Since 2024, outbreaks of sheep and goat pox have been recorded across northern Greece and parts of the Aegean, including Lesvos, a region closely tied to dairy production. Veterinary authorities have responded with containment measures that include culling infected and nearby animals, restricting movement, and isolating farms.

According to regional veterinary authorities, thousands of animals have already been culled in affected areas. For farmers, the impact is immediate. For feta production, the consequences unfold more slowly.

When herds shrink, production tightens

Feta is not just another export. It is Greece’s leading cheese product, with exports exceeding €700 million annually in recent years. Its protected designation of origin means it can only be made in specific regions of Greece using local sheep’s and goat’s milk.

That protection preserves quality.
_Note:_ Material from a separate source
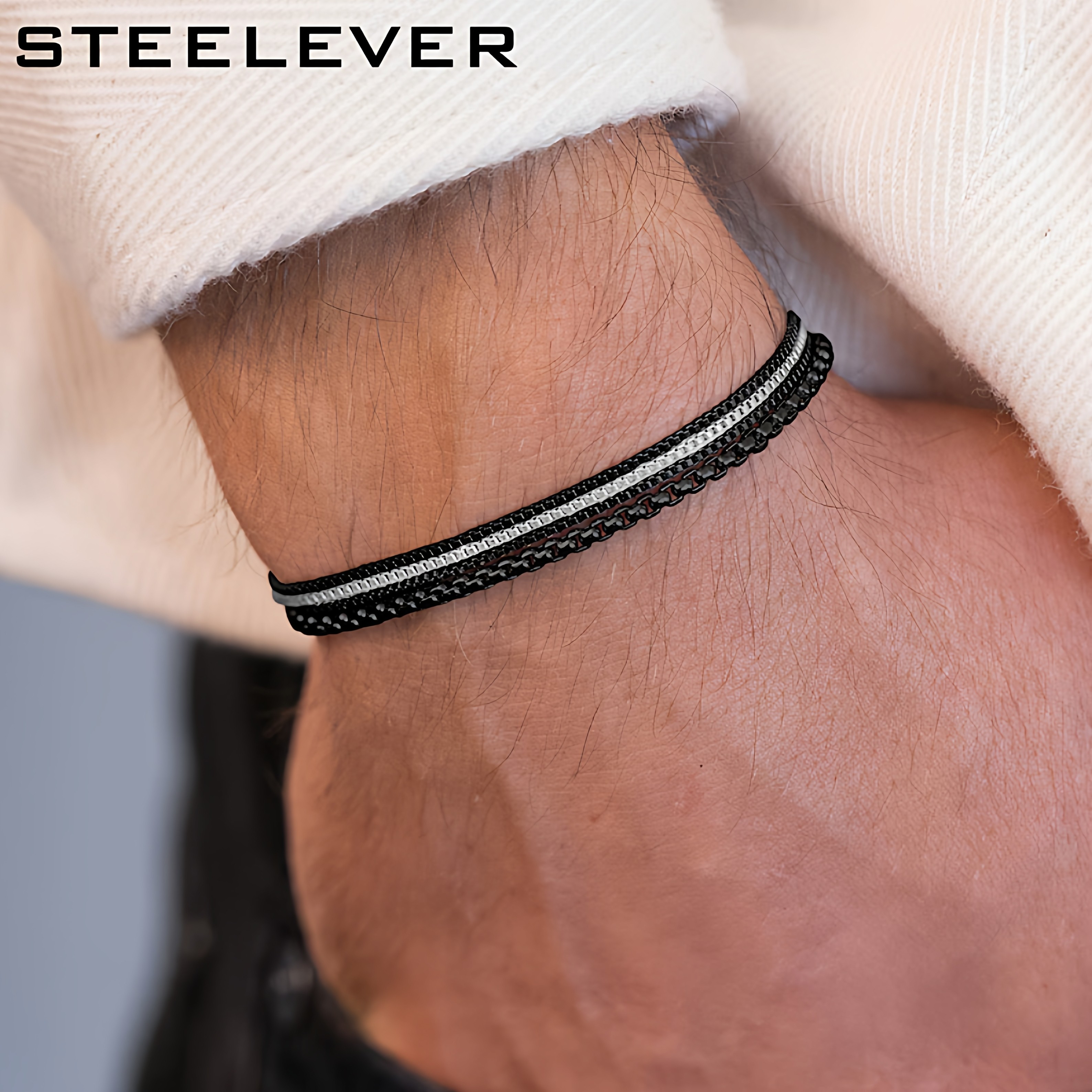 STEELEVER原创设计多层拼接手链黑色男手链叠戴手链简约男生配饰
It also limits flexibility.

When herds are reduced, production cannot shift elsewhere. Milk supply tightens, and with it, the margin producers rely on to absorb shocks.
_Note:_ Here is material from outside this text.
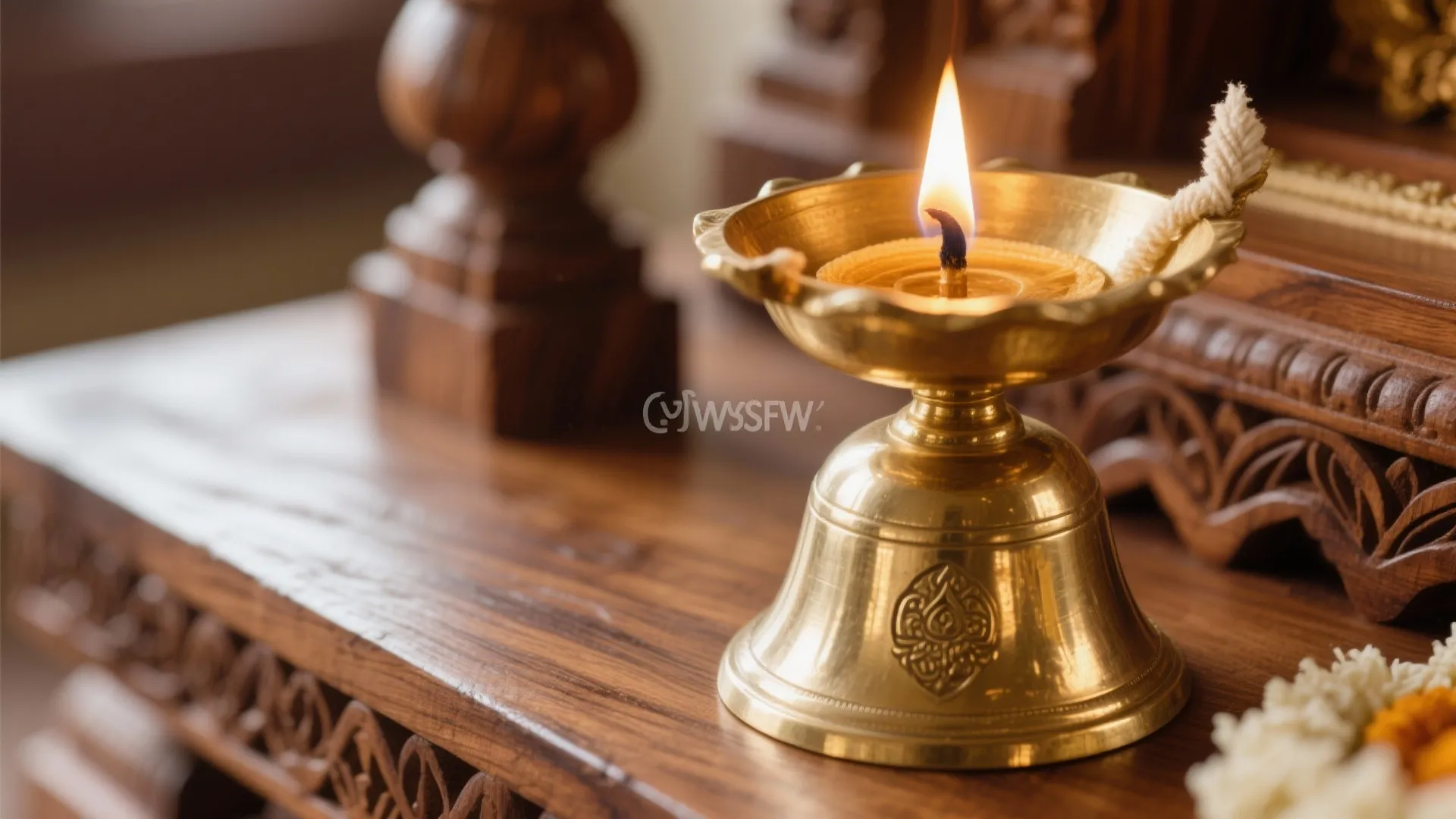 Teak-Wood Mandir with Brass Bells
The pressure is not coming from a single outbreak but from repetition. Each cycle of disease, culling, and restriction leaves less room to recover.

Losses that take years to rebuild

In affected regions, losses are not measured only in numbers. When animals are culled, rebuilding a flock takes time. Breeding cycles stretch over years, not months, and farmers must absorb the cost of feed, labor, and uncertainty while they recover.

Most farms involved in feta production are small or mid-sized family operations. In many cases, the herd represents decades of gradual growth.

State compensation programs are in place, but farmers’ associations have warned that payments often fall short of real losses, especially when factoring in lost milk production over time rather than just the value of the animals.

Containment first, debate ongoing

Greek authorities have followed EU protocols focused on containment: restricting movement, isolating outbreaks, and culling to prevent wider spread.

At the same time, the crisis has reopened debate around vaccination. Some producers argue that broader vaccination could stabilize herds and prevent recurring losses. Others point to regulatory and trade concerns, as vaccination status can affect export classifications within the EU framework.

For now, containment remains the dominant approach.

What tighter supply means abroad

The effects are unlikely to appear overnight, but they are already shaping how the market responds.

Feta depends entirely on Greek milk. When supply tightens, producers have limited ways to compensate. Prices can rise, availability can fluctuate, and export markets may feel the changes unevenly.

For Greek communities abroad, where authentic feta remains a staple, this often shows up quietly. A higher price. A different brand on the shelf. Or a product that is simply harder to find at certain times of year.

Greece’s dairy sector has weathered financial crises and rising costs before. What makes this moment different is that it reaches into the foundation of production itself.

There is no single breaking point here. No defining event. It is a steady shift.

Fewer animals. Less milk. And a product that depends entirely on both.